Photo Credit: Jason Merritt/Getty Images
And in the case of the Eli Young Band and Lee Brice, the interview sessions after accepting ACM trophies were a first-time experience. Both artists appeared wide-eyed, overwhelmed and humbled by the proceedings.
The Texas-based band shared song of the year honors for "Crazy Girl" with Brice and co-writer Liz Rose.
Reflecting on their slow but steady climb to the top of the country charts, singer Mike Eli said, "You keep yourself in the moment. That's one thing that really kept us going. We always felt like there was something bigger around the corner -- like when we bought our first PA system or when I finally got to buy a guitar that cost more than $200, and when I could finally replace the truck that I traded in for our first van. We always felt like we were destined for something."

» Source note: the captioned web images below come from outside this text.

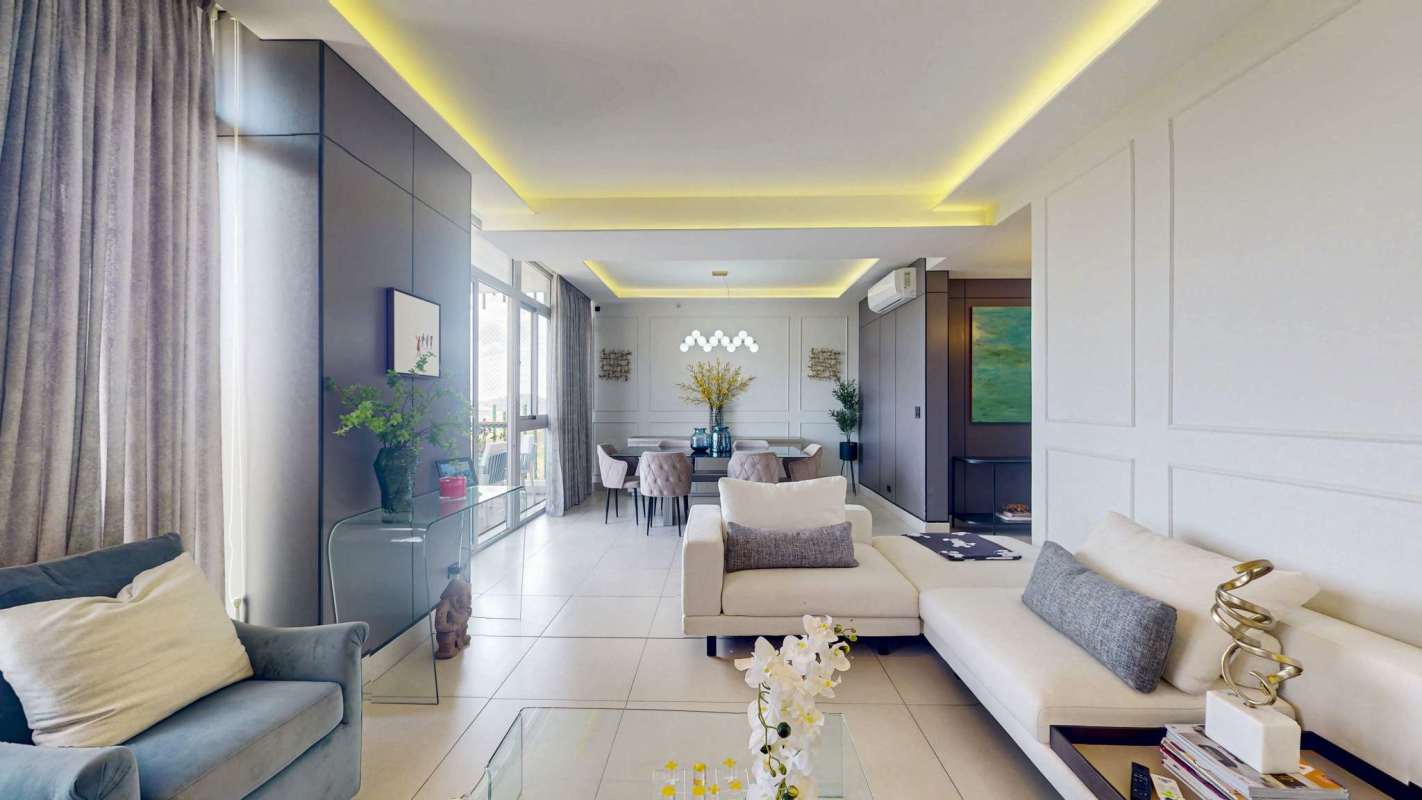 Spacious open-plan living dining with floor-to-ceiling windows balcony PH 4 Horizontes Panama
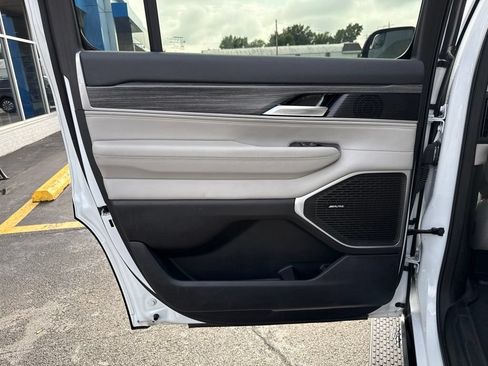 Used 2024 Jeep Wagoneer Series II w/ Flexible Seating Group RWD image 19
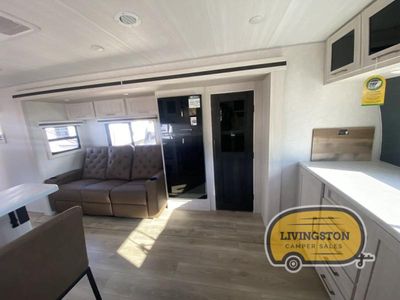2025 Forest River RV Grand Surveyor - Photo 8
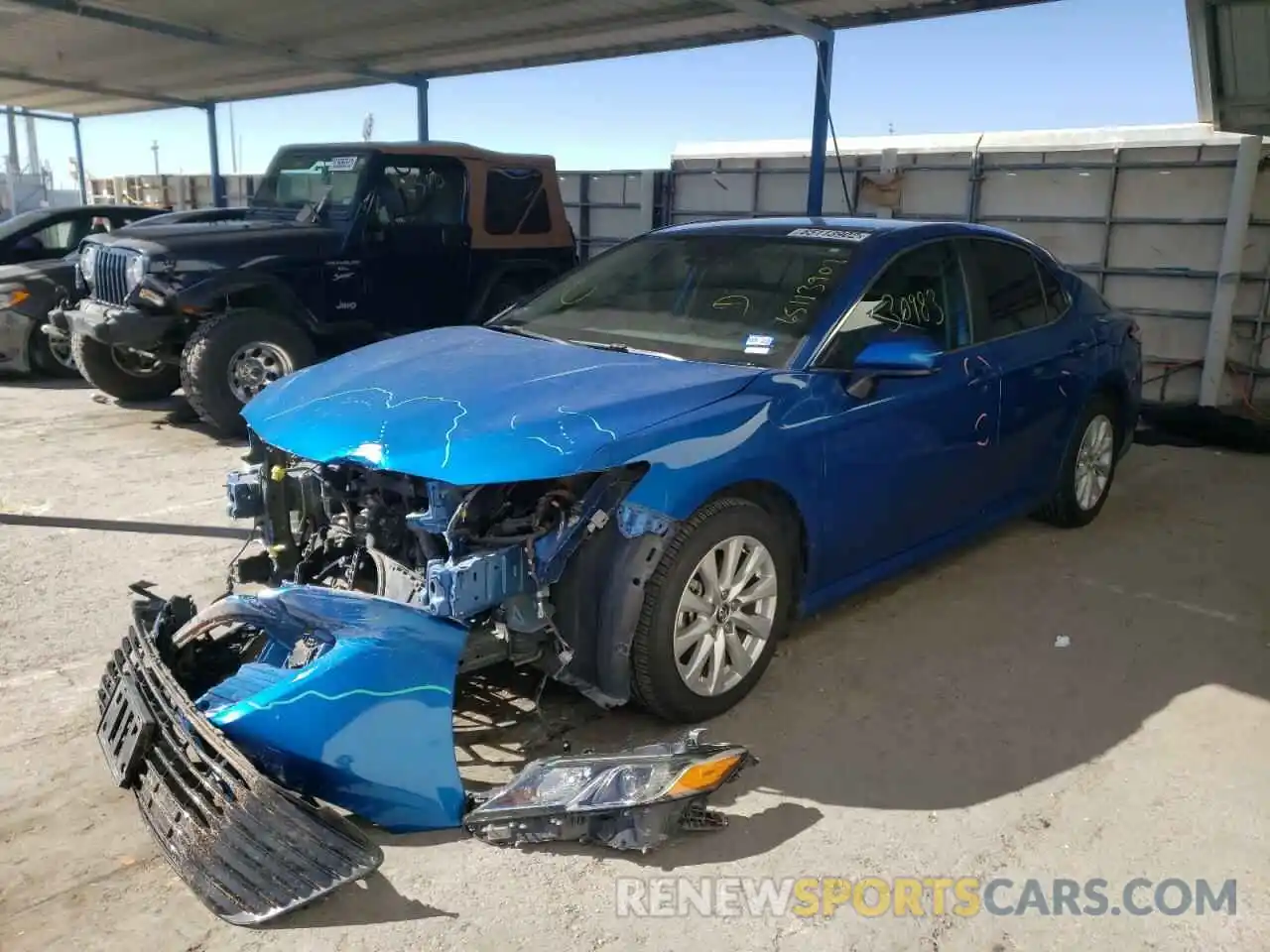 2 Photograph of a damaged car 4T1C11AK8LU337377 TOYOTA CAMRY 2020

"We love the fact that people think we're an overnight sensation," bassist Jon Jones told the reporters. "The fact that we're still making new fans is great. Country radio is allowing us to get in front of so many new people for the first time."

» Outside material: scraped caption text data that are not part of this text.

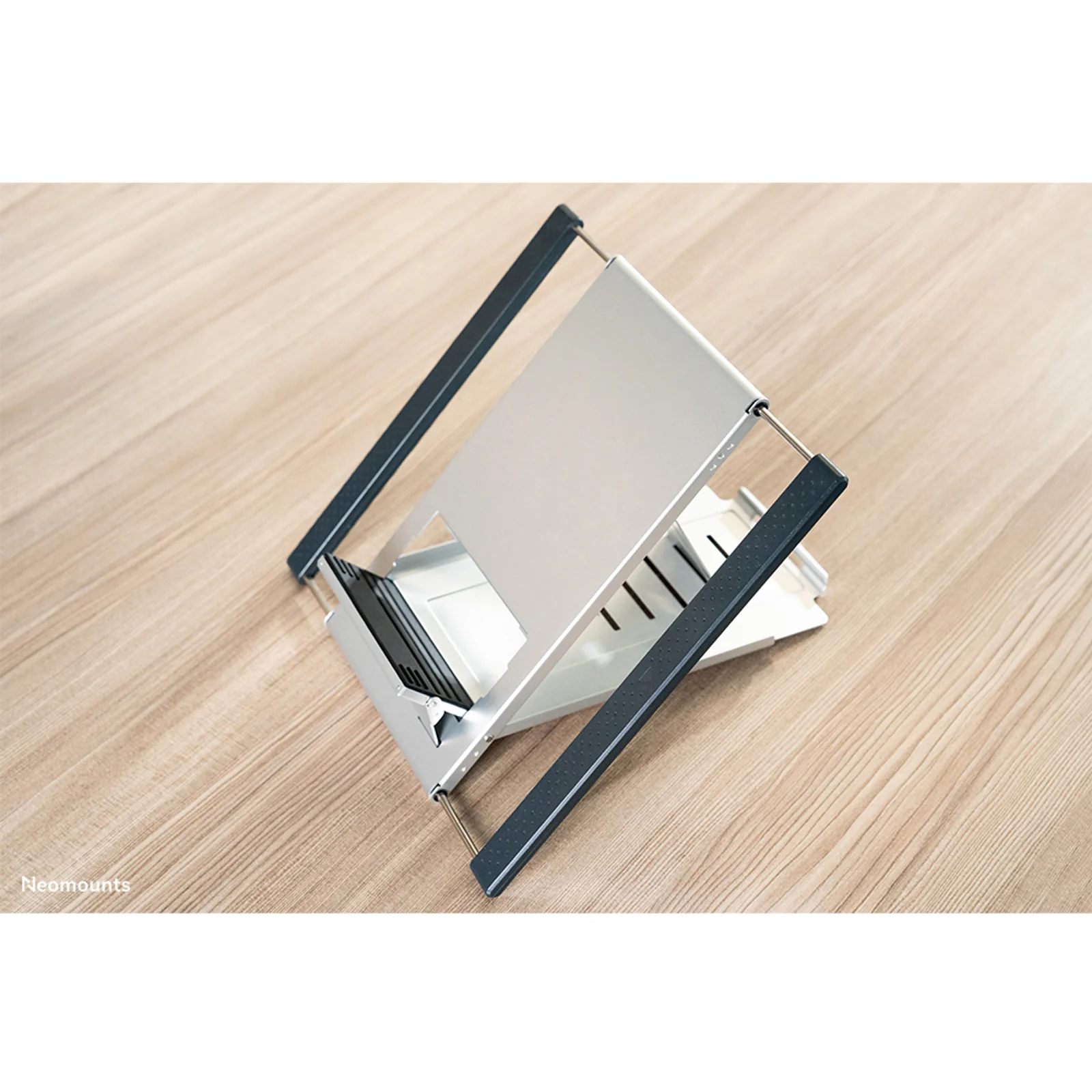 Neomounts NSLS100 Support pour ordinateur portable 10-22" - pliable - compact - universel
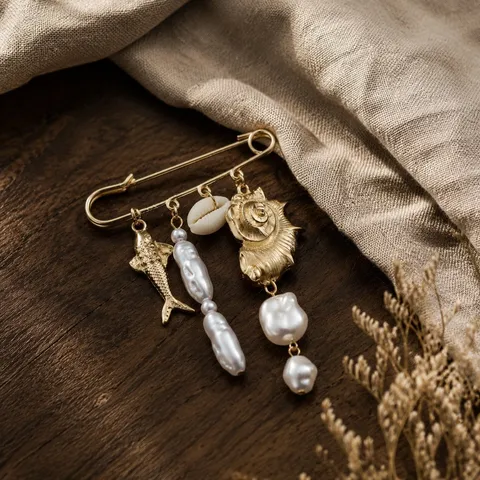 Broche en Alliage Doré Style Station Balnéaire Avec Pendentifs Étoile de Mer Coquillage Perle Artificielle Broche Épingle pour Femmes Bijoux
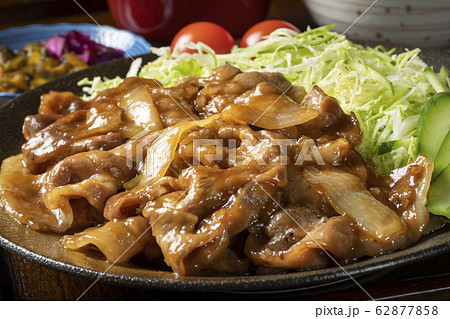 豚肉のしょうが焼き 62877858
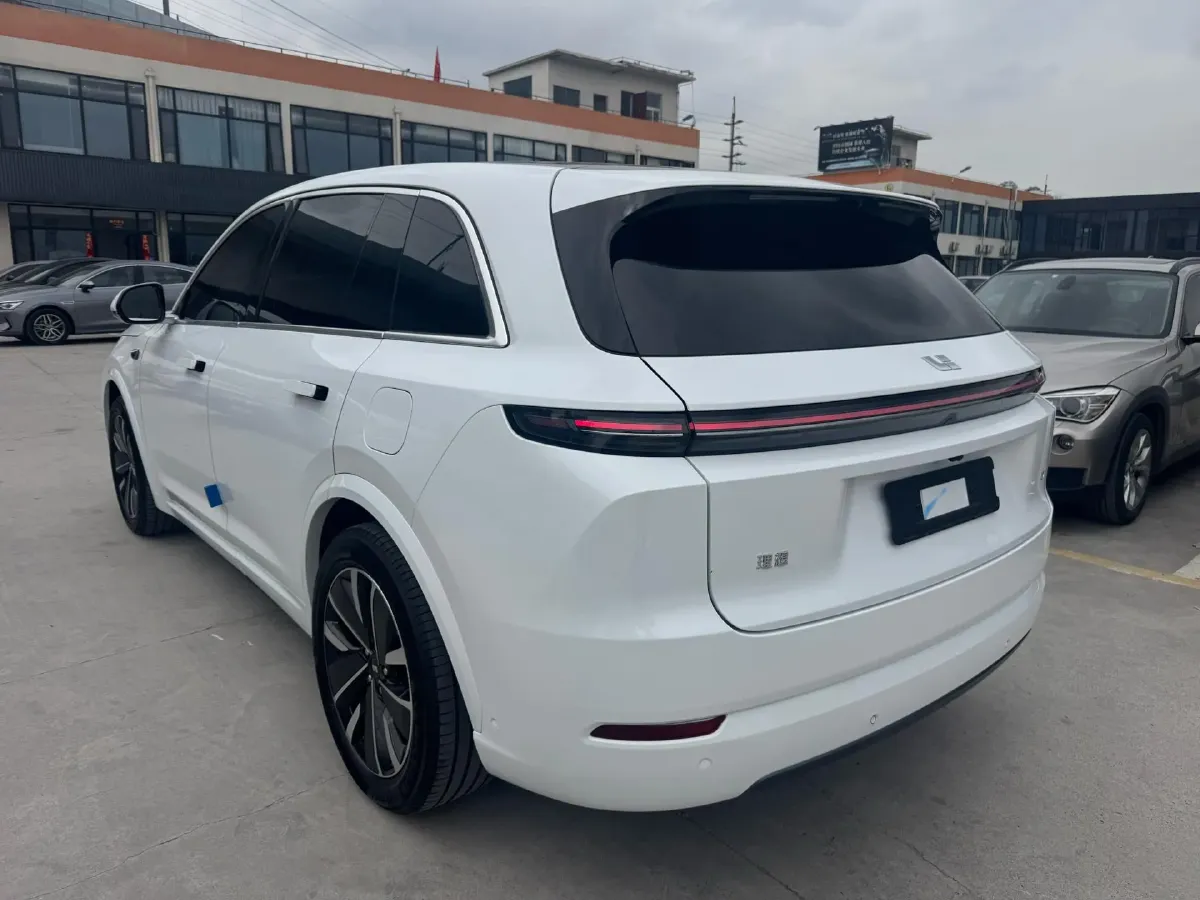 2025 Li L7 Range Extended 154HP REEV,autocango,china used car exporter,china ev exporter,chinese used car exporter,chinese used ev exporter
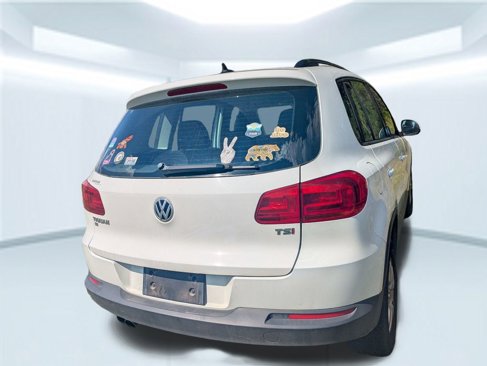 Used 2017 Volkswagen Tiguan S image 5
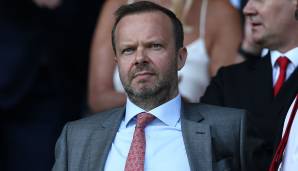 Seit 2013 war Ed Woodward, stellvertretender Vorstandsvorsitzender von Manchester United, für die Transfers bei den Red Devils zuständig. Zum Jahresende 2021 hat er seinen Posten aufgegeben. Ab dem 1. Februar hat Richard Arnold übernommen.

Asked about the moment their band's name was called from the podium, James Young said, "You start shaking. It's so surreal. We've been at this for 10-plus years now, just four guys making music in college bars. And here we are today. It's hard to wrap your head around."
Drummer Chris Thompson added, "I think after we got the awards, we walked a little taller. Walking off the stage, it felt like we were walking on a cloud."
Brice told reporters the song was composed in 2002 or 2003.
"It's been around a while," he said. "I knew it was a special song, and I even wanted to release it myself, but some things didn't work out with the label and timing. Those guys [in the Eli Young Band] loved it, and I saw the passion in them. I was so happy and honored for them to do it."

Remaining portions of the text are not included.